In May, it was confirmed that the season would be deemed complete and an unweighted points per game method would be used to determine the league winner. After an unbeaten season, Swansea City were crowned champions for the fourth time in their history, winning 10 and drawing 1 of their 11 games. Swansea City also reached the final of the WPWL Cup, but their game against Cardiff Met. to decide the winner of the competition did not take place after the FAW National Cup Board terminated the competition.
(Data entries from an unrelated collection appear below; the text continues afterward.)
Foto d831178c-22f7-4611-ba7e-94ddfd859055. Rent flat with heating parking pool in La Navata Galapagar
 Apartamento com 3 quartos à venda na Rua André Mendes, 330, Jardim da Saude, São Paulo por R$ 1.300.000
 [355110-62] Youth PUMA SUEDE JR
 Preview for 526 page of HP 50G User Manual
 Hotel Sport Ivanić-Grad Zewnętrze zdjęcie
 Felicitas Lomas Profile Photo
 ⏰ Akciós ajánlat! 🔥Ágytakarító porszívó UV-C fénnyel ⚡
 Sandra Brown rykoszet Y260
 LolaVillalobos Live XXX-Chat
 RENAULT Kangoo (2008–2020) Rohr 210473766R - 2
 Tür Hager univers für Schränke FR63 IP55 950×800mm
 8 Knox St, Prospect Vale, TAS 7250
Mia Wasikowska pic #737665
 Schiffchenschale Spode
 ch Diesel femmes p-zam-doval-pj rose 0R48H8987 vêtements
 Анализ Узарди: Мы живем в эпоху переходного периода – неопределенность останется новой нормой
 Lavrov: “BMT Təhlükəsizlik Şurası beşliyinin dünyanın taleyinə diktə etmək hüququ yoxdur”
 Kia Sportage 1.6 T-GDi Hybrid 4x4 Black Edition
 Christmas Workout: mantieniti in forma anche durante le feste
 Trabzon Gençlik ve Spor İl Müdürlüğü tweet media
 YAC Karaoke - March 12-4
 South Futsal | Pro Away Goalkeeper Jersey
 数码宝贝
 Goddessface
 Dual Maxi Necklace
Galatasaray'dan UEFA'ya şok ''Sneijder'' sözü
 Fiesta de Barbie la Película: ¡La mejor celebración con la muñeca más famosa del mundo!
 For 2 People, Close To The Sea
Alana Murphy of Cardiff City won the Golden Boot after scoring 10 goals in 10 games. Swansea City goalkeeper Deanna Lewis won the Golden Glove after only conceding one goal during the season.

==Clubs==

After finishing at the bottom of the table in the 2018–19 season, Rhyl Ladies ended up remaining in the top division after no teams applied for promotion from the North Wales Women's League. However, in August it was announced that Rhyl Ladies would be withdrawing their place in the competition, citing a lack of players. The league began with nine times, but in December Llandudno Ladies also withdrew from the league with immediate effect and their results up until that point were expunged. The league finished with eight competing teams.

| Team | City | Ground |
|---|---|---|
| Abergavenny Women FC | Abergavenny | Pen-Y-Pound Stadium, Abergavenny |
| Aberystwyth Town | Aberystwyth | Park Avenue (Aberystwyth) |
| Briton Ferry Llansawel Ladies | Briton Ferry | Old Road, Briton Ferry |
| Cardiff City Women | Cardiff | Leckwith Athletics Stadium |
| Cardiff Metropolitan Ladies | Cardiff | Cardiff Metropolitan University, Cyncoed Campus |
| Cyncoed Ladies | Cardiff | Cardiff University Playing Fields, Llanrumney |
| Llandudno Ladies* | Llandudno Junction | Maesdu Park |
| Port Talbot Town Ladies | Port Talbot | The Genquip Stadium |
| Swansea City Ladies | Swansea | Baglan Playing Fields |

- Withdrew from the league mid-season

==Standings==

Pos: Team; Pld; W; D; L; GF; GA; GD; Pts; Qualification or relegation; SWA; CAM; CAC; POR; CYN; BRI; ABG; ABE
1: Swansea City; 11; 10; 1; 0; 30; 1; +29; 31; Qualification to 2020–21 Champions League; —; 1–0; 2–0; 3–0; 3–0
2: Cardiff Metropolitan; 11; 9; 0; 2; 25; 4; +21; 27; 0–1; —; 3–0; 4–1; 2–0; 2–0; 1–0
3: Cardiff City; 10; 7; 1; 2; 25; 9; +16; 22; 0–0; —; 3–0; 2–1; 5–1; 4–1
4: Port Talbot Town; 12; 7; 0; 5; 24; 18; +6; 21; 0–2; 0–3; 1–2; —; 1–0; 5–2; 4–0; 4–0
5: Cyncoed Ladies; 11; 3; 2; 6; 12; 26; −14; 11; 0–7; 1–4; 1–3; —; 2–1; 1–1; 3–2
6: Briton Ferry Llansawel Ladies; 8; 1; 1; 6; 8; 19; −11; 4; 0–4; 1–2; 2–2; —; 1–0
7: Abergavenny Women; 9; 1; 1; 7; 4; 23; −19; 4; 0–2; 0–2; 0–3; 2–1; 0–2; —
8: Aberystwyth Town; 10; 0; 0; 10; 5; 33; −28; 0; 1–5; 0–4; 0–6; 1–2; —

== Awards ==

=== Annual awards ===

| Award | Winner | Club |
|---|---|---|
| WPWL Golden Boot | Alana Murphy | Cardiff City |
| WPWL Golden Glove | Deanna Lewis | Swansea City Ladies |

==League Cup==
 ← 2018–19 · 2021–22 →
This was the seventh season of the WPWL Cup. The competition was revamped to include a group stage with each team playing two home games and two away games, with the top two teams progressing to the semi-final. Swansea City topped Group 1, with Cardiff City finishing runners up. Cardiff Met. topped Group 2, with Port Talbot Town finishing runners up. In the semi-finals, Cardiff Met. beat Cardiff City on penalties following a 2–2 draw and would have gone on to play Swansea City in the final after their 3–0 victory over Port Talbot Town. The final did not end up taking place and as such there was no winner of the competition. The following season was cut short due to the COVID-19 pandemic, during which the league was rebranded to the Adran Premier. The next League Cup would be the 2021-22 Adran Trophy.